Try it =>
Each line from the one containing "Used Volkswagen Magotan" to the last line of the listing below is to be duplicated exactly, and no picture is to be carried over.

Data section =>
········

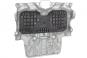 Center underride guard lower soundproofing engine cover  - Image 1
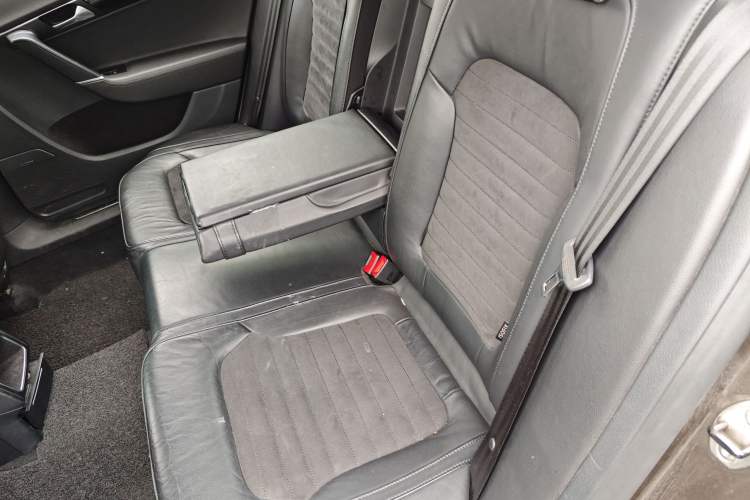 Used Volkswagen Magotan 2015 Revised Version 2.0 TSI Luxury Edition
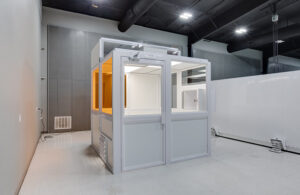 cleanroom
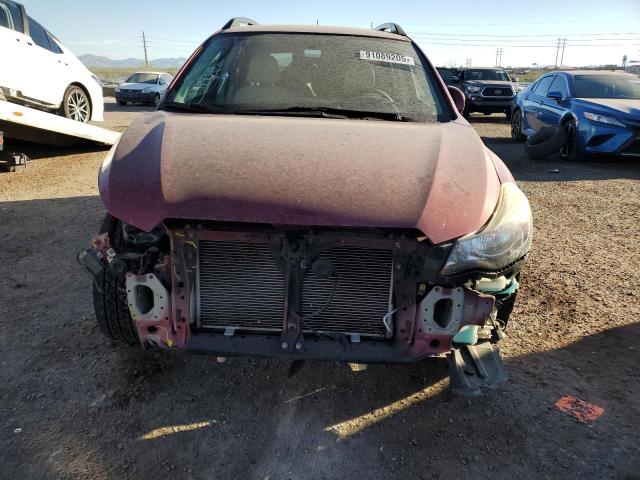 2014 SUBARU XV CROSSTR - JF2GPAGC5E8252630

········

Exercise solution =>
 Used Volkswagen Magotan 2015 Revised Version 2.0 TSI Luxury Edition
 cleanroom
 2014 SUBARU XV CROSSTR - JF2GPAGC5E8252630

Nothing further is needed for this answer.